### Your task:
Reproduce, word for word, the lines in the material below starting with the one that has "Now, 5.123. In" and going on through the one that has "To add in a". Leave out all pictures.
Start of Source material
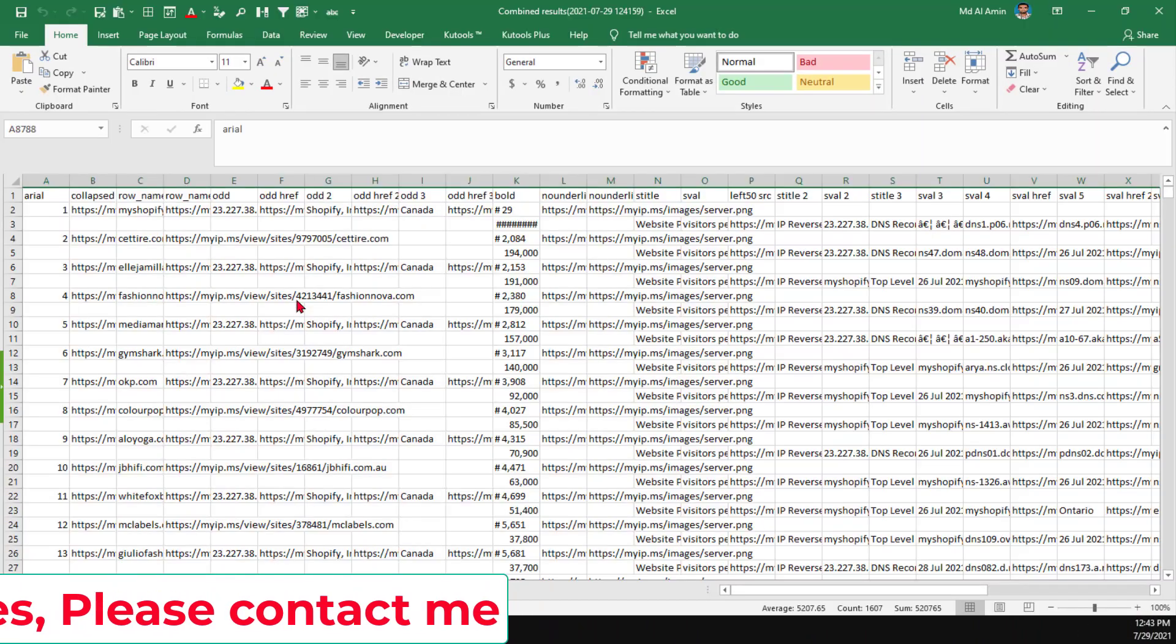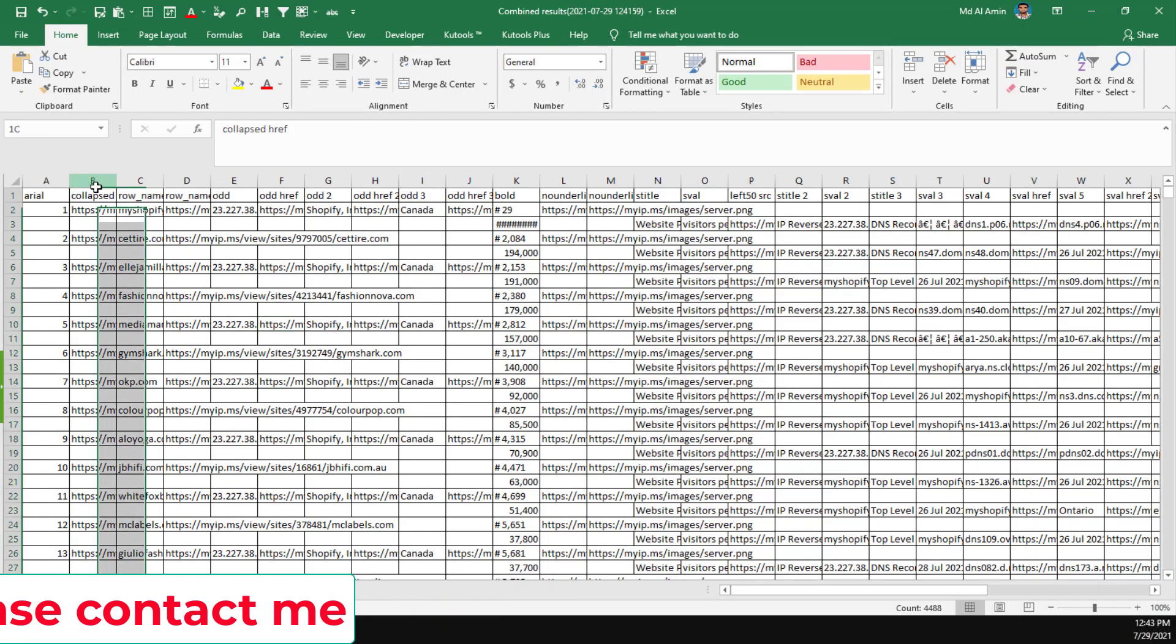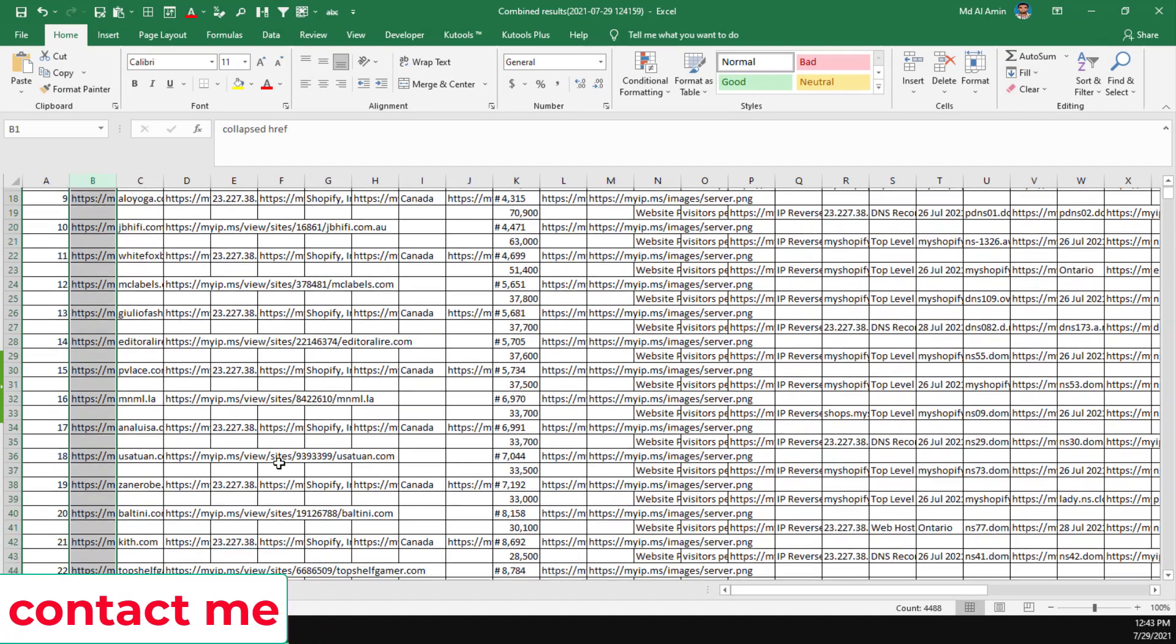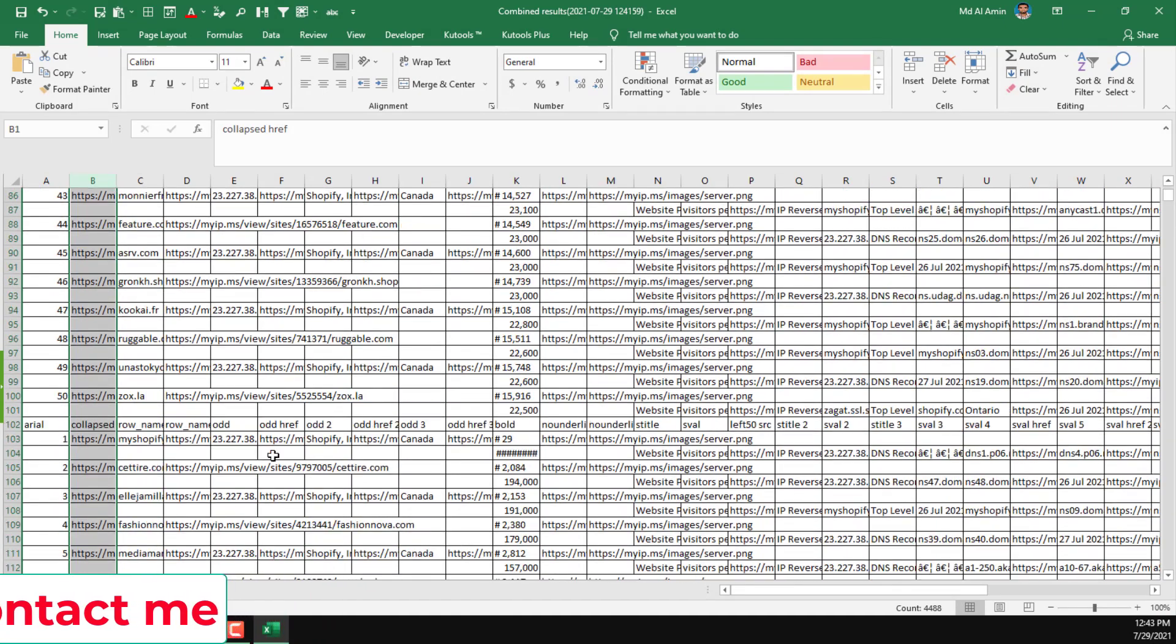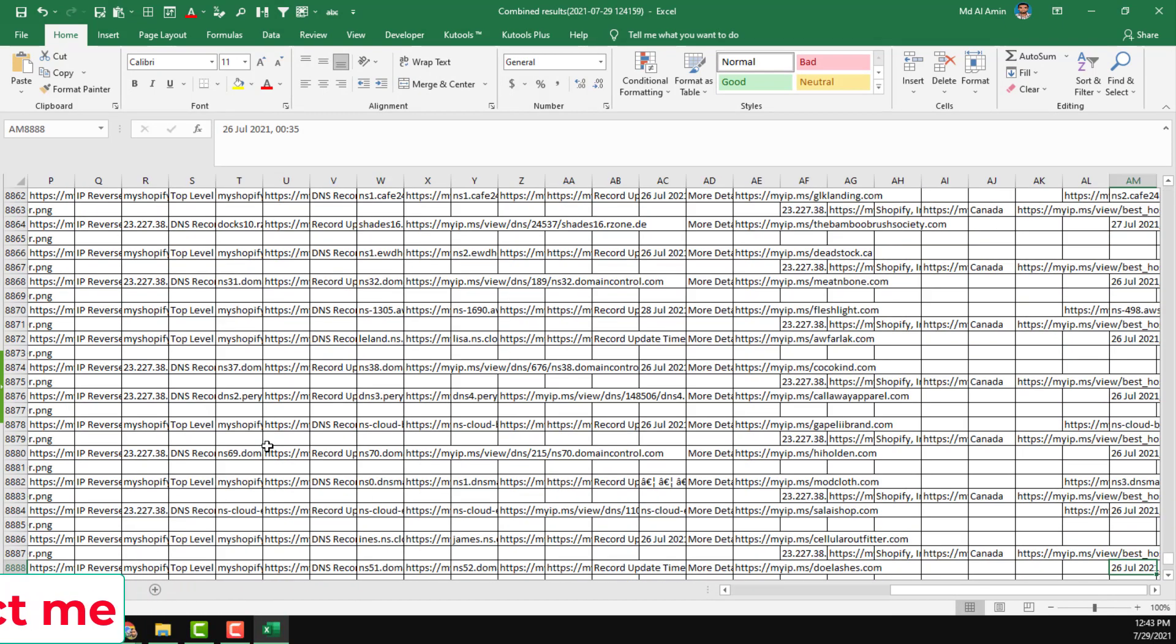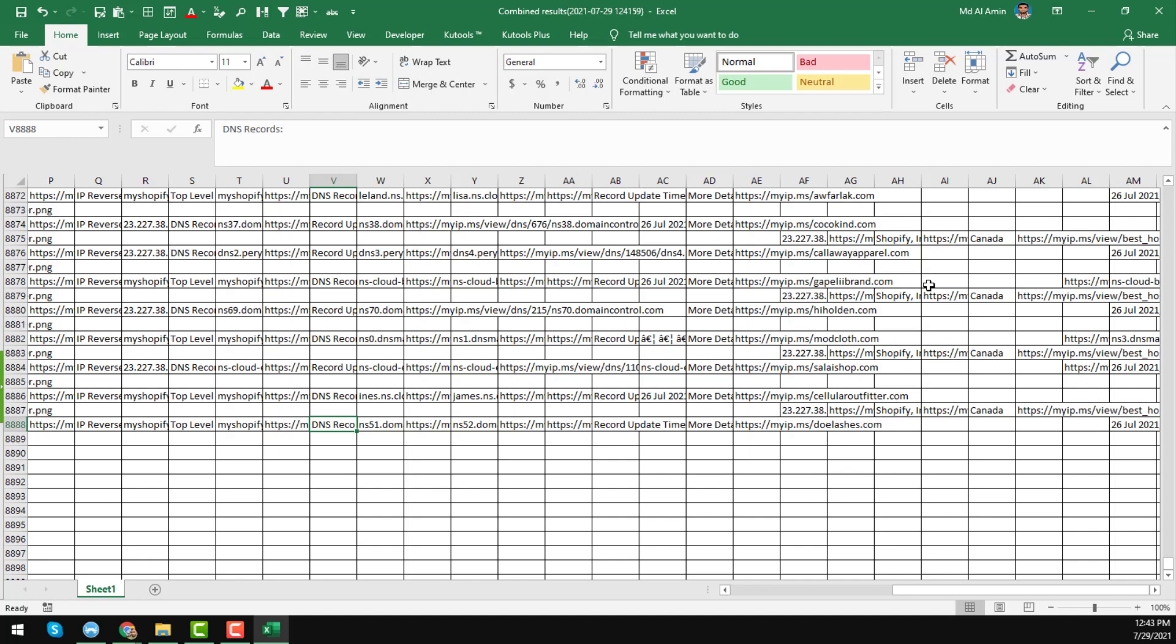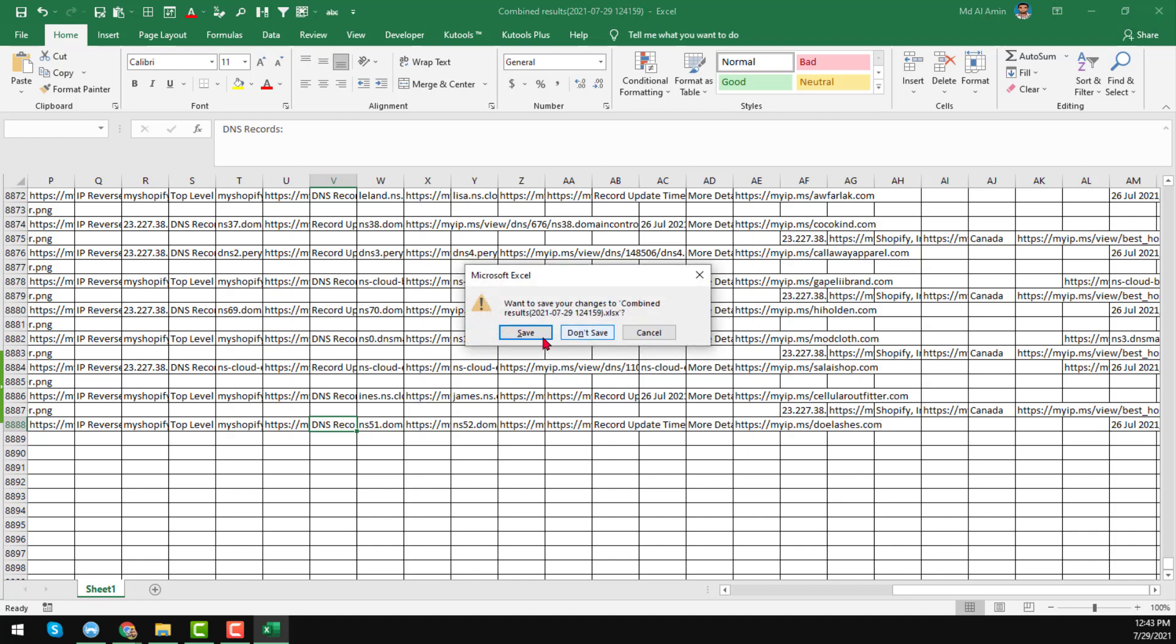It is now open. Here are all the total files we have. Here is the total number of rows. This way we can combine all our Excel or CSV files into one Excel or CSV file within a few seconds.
End of Source material
Start of Source material
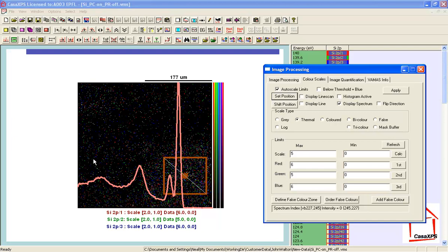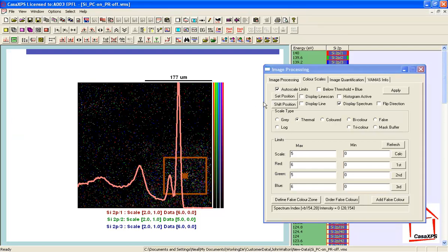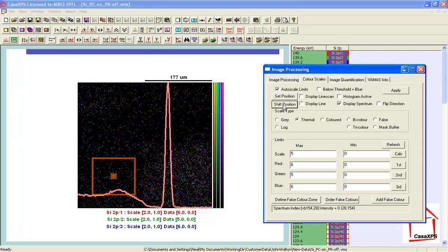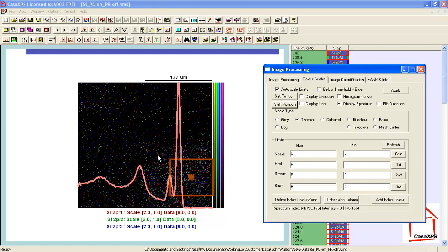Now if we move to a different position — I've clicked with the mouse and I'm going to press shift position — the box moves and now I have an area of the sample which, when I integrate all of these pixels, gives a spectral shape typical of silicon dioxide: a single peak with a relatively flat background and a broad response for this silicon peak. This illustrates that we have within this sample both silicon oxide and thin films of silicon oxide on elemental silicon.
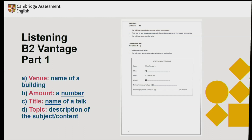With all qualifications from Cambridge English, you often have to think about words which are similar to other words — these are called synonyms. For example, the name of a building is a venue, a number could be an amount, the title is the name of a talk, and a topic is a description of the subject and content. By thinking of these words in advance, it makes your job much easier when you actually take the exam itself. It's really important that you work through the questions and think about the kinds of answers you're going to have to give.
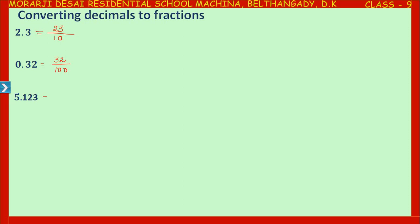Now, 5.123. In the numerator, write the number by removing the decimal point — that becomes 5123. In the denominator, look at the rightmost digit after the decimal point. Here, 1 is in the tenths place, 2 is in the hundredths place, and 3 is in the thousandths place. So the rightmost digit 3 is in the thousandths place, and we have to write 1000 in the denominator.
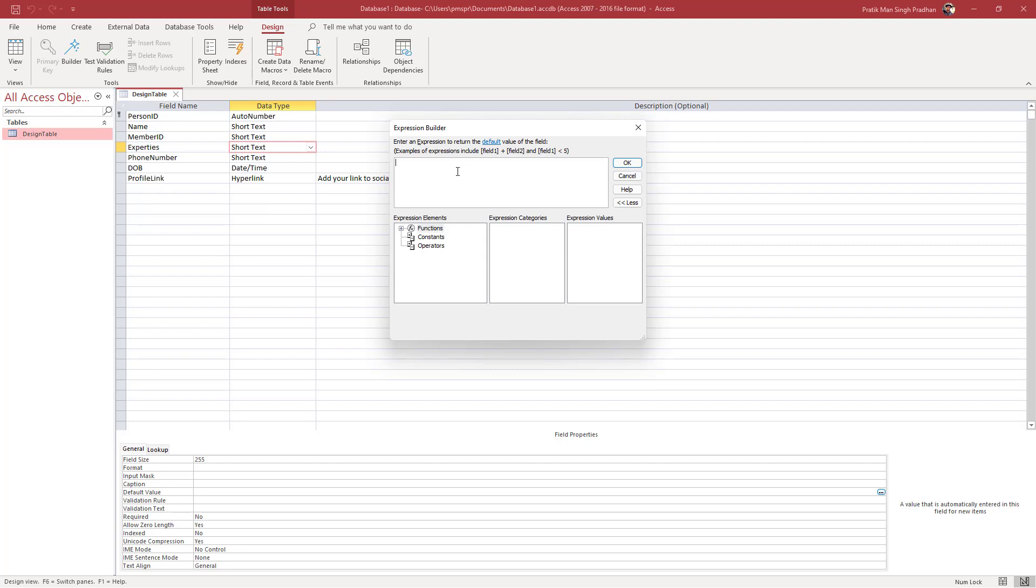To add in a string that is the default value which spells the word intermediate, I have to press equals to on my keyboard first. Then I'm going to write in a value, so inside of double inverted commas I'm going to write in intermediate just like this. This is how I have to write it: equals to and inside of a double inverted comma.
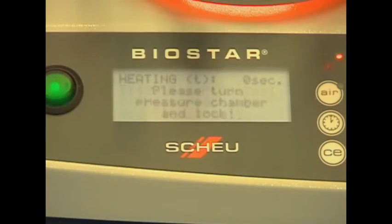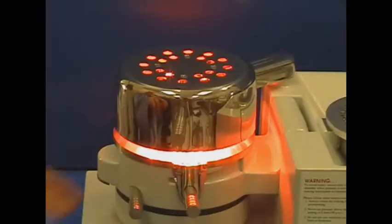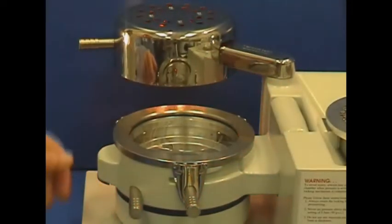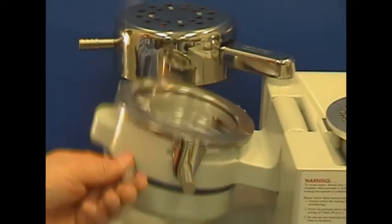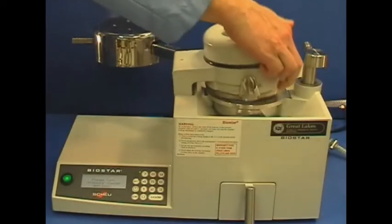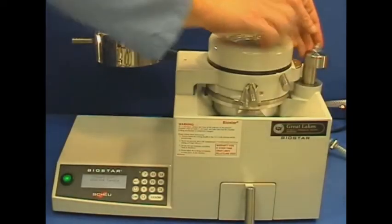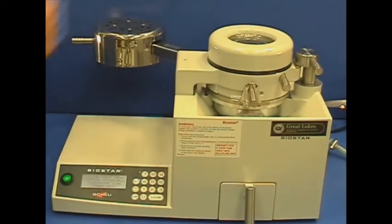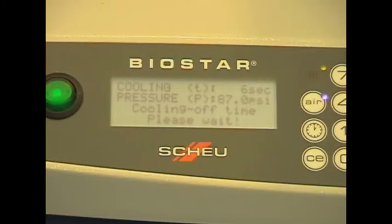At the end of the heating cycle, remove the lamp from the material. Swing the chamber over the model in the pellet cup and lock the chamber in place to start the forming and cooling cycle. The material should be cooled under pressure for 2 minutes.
End of Source material
### Solved exercise:
Now, 5.123. In the numerator, write the number by removing the decimal point — that becomes 5123. In the denominator, look at the rightmost digit after the decimal point. Here, 1 is in the tenths place, 2 is in the hundredths place, and 3 is in the thousandths place. So the rightmost digit 3 is in the thousandths place, and we have to write 1000 in the denominator.
To add in a string that is the default value which spells the word intermediate, I have to press equals to on my keyboard first. Then I'm going to write in a value, so inside of double inverted commas I'm going to write in intermediate just like this. This is how I have to write it: equals to and inside of a double inverted comma.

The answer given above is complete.